Adam Proteau looks at Nazem Kadri's new contract in Calgary, what's next for Carey Price and the ongoing trade rumors surrounding J.T. Miller with the Canucks.
Carey Price

It’s time for a new Screen Shots. Regular readers of this space know it’s where we take a more brief look at a handful of hockey topics. Here, we’ll show you how below:

– One of the interesting things in center Nazem Kadri choosing the Calgary Flames as his new employer for the next seven years: this is the same Flames team Kadri didn’t want any part of back in 2019, when he vetoed a trade from the Toronto Maple Leafs to Calgary. At the time, Kadri was too deep in love to want out of Toronto, the team that drafted him and was his childhood favorite. But he’s grown as a businessman, and don’t think that didn’t factor into his seven-year, $49-million contract Flames GM Brad Treliving gave to him this past week.

Still, if the Flames weren’t a fit for Kadri for whatever personal reason he might have had, he simply wouldn’t have signed there. He had options, including the New York Islanders. Instead of going to a non-traditional market, Kadri, of his own volition, chose the microscope and the pressure of Calgary. That’s a credit to his competitiveness, and his willingness to stay in Canada provides a great example for other young players to follow.

And to fans of all teams, this should be a lesson: just because a player doesn’t see himself as a match with your team today, doesn’t necessarily close the book on that player finding a match with the same team down the line.

– News broke this week that star Canadiens goalie Carey Price suffered a training setback and may miss the entire 2022-23 season, if he isn’t forced to retire and end a 15-season NHL career.

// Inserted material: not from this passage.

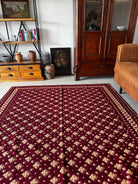 Vintage Beige Geometric Romanian Wool Rug, 200x175 cm, view 2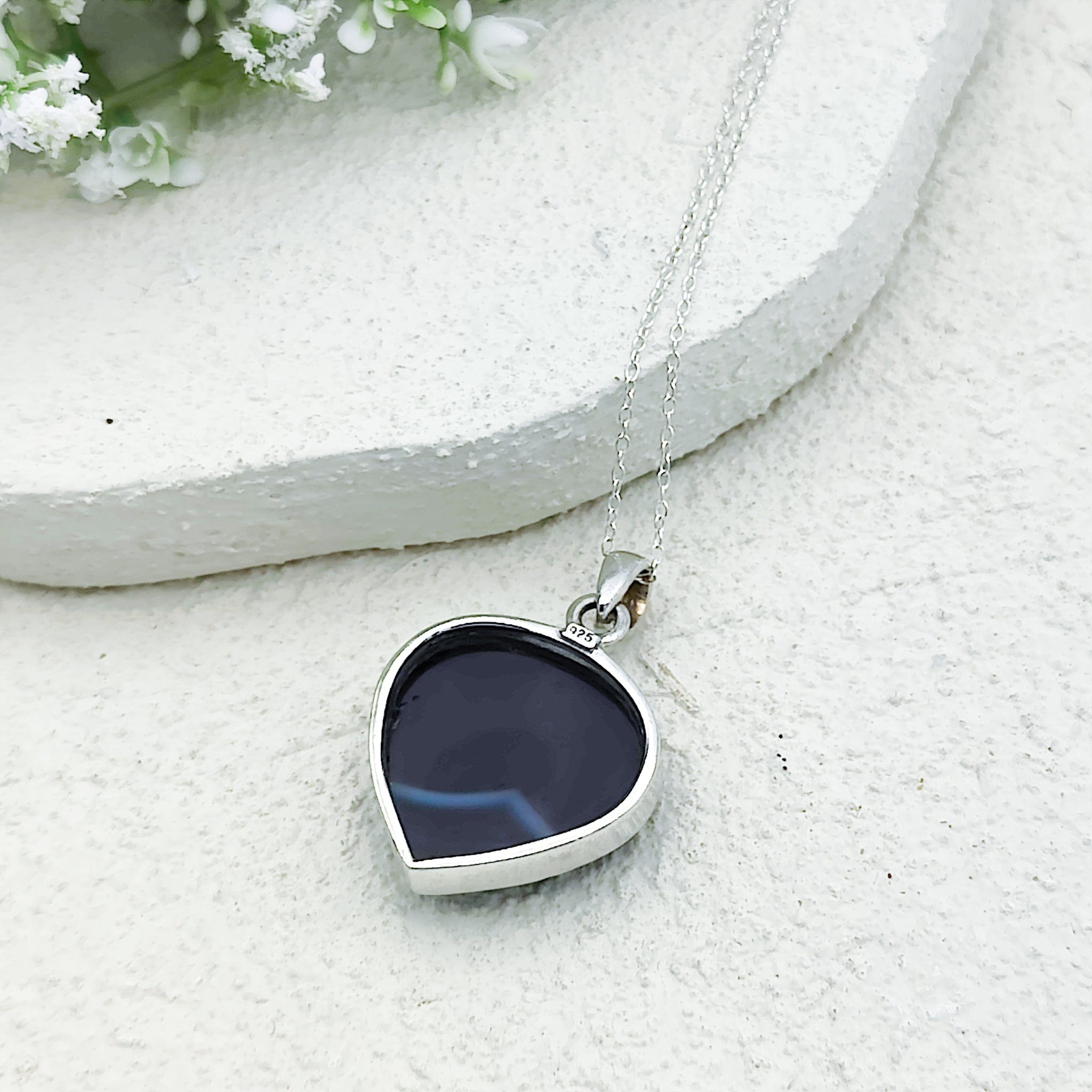 Hepburn and Hughes Banded Black Onyx Pendant | 25mm Curved triangle | Sterling Silver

The news is as devastating as it gets for Montreal fans and Price himself. But the truth is, Price has given it his all throughout his career, and if his body is saying, “uncle”, he shouldn’t feel as if he owes it to anyone else to prolong his pain for their viewing enjoyment. At age 35, he’s accomplished everything other than a Stanley Cup championship, and he nearly did that two years ago. He’s got an Olympic Gold medal, a Vezina Trophy as the game’s best goalie, and a Hart Trophy as the league’s most valuable players. Lots of terrific players don’t have a Cup win under their belts, and Price has nothing to be ashamed about.

We may have seen the last of Price on an ice rink, but something tells us he’ll still remain in the public eye via his well-known-and-admired humanitarianism, and he’ll likely be a Habs ambassador for the rest of his days. Hopefully, better, pain-free days ahead. That’s all hockey fans should want for him now.

– Finally, a comment on Canucks forward J.T. Miller, and rumored trades: it shouldn’t come as a surprise he’s still on Vancouver’s roster, even if many NHL teams want him on their side. Miller’s $5.25-million salary this season is too pricey for the cap situation of some franchises, but by waiting until the season begins – and, very likely, until the NHL’s trade deadline – Canucks GM Patrik Allvin is creating a bigger market for Miller’s services.

By waiting longer, Allvin is hoping other teams’ injuries and other teams’ trades will increase the number of teams prepared to eat Miller’s contract, and thus allow him to drive up the asking price on the trade market. Besides, the Canucks as currently constructed are going to be in the mix for a playoff berth in the Pacific Division. They may not be able to keep Miller around in the long term, but they can hold onto him for as long as possible and get the most out of him as an asset.